In my journalism book, one reports what one knows to be true and shies away from assumptions. Analysis gives a journalist the opportunity to put events into context and to map out scenarios. Vincent Carroll, editorial page editor of the Rocky Mountain News, violates that rule in his otherwise excellent Wall Street Journal review of 'Blind Spot: When Journalists Don't Get Religion,' entitled 'God Is A Problem, Sources Say.'
Carroll writes: "In a jarring misreading of the Islamist mentality, the New York Times last month described a Jewish center in Mumbai, India, as the 'unlikely target' of the terrorists who attacked various locations there. 'It is not known if the Jewish center was strategically chosen," the Times went on to declare, "or if it was an accidental hostage scene.'
As a writer of editorials Carroll enjoys the freedom to make opinion the driver of his writing. A reporter doesn't. Initially, during the Mumbai attacks, it remained unclear who the perpetrators were. Jihadis were obviously the first suspects that came to mind but at least in the public domain that remained initially unconfirmed. Similarly, the degree of coordination and determination of the perpetrators emerged only gradually during and after the attacks. As the story unfolded, reporters did not know for certain whether the perpetrators were Jihadis and therefore the Jewish center would have constituted a target for them, and even if it had been confirmed that they were Jihadis, whether the center had been part of the plan or something they stumbled on in the course of events.
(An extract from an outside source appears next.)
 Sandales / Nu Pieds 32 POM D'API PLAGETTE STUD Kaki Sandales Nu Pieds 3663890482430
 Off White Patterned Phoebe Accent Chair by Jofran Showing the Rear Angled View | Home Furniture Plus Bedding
The perpetrators made no demands which would have suggested who they were; the statement to a news agency by the hitherto unknown Deecan Mujahedeen, remained unverified at the time. Certainly, the New York Times reporter's description of the center as an "unlikely target" should have been questioned by an editor since 'unlikely' presumes knowledge of the perpetrators.
Carroll's is a fair review and a legitimate criticism of the way Western journalists cover stories with a religious component. He quotes Blind Spot co-editor Paul Marshall as saying that some journalists are reluctant to accept the "fundamental religious dimension" of jihadist motives and concentrate instead on "terrorist statements that might fit into secular Western preconceptions about oppression, economics, freedom and progress." Mr. Marshall's statement goes to the heart of what is an unresolved debate: Are perpetrators inspired by their religion or do they gravitate because of social, economic and political circumstance to extreme interpretations of religion? Mr. Marshall apparently supports the first school of thought.
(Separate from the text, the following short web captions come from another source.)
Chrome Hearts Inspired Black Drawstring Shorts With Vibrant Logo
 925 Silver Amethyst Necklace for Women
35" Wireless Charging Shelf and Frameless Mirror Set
The second of school of thought is vividly illustrated in Young Jordanians rebel, embracing conservative Islam by Michael Slackman in today's New York Times, which portrays student members of Jordan's Muslim Brotherhood. They opt for conservative and strict forms of Islam as a protest because they are "angry, alienated and deprived of opportunity…. It is their rock 'n' roll, their long hair and love beads". Slackman continues: "As a high school student, Fawaz, 20, had dreamed of earning a scholarship to study abroad. But that was impossible, he said, because he did not have a 'wasta,' or connection. In Jordan, connections are seen as essential for advancement and the wasta system is routinely cited by young people as their primary grievance with their country. So Fawaz decided to rebel. He adopted the serene, disciplined demeanor of an Islamic activist… 'I find there is justice in the Islamic movement,' Fawaz said one day as he walked beneath the towering cypress trees at Jordan University. 'I can express myself. There is no wasta needed.'" Granted the students in Slackman's portrayal have opted for peaceful protest but joined an organization that supports the use of violence in Palestine. Yet religion is for them a tool to achieve political change and social justice, what religion means to them as they mature as did the 1960s rebels of Paris, Berlin and Berkley remains an open question.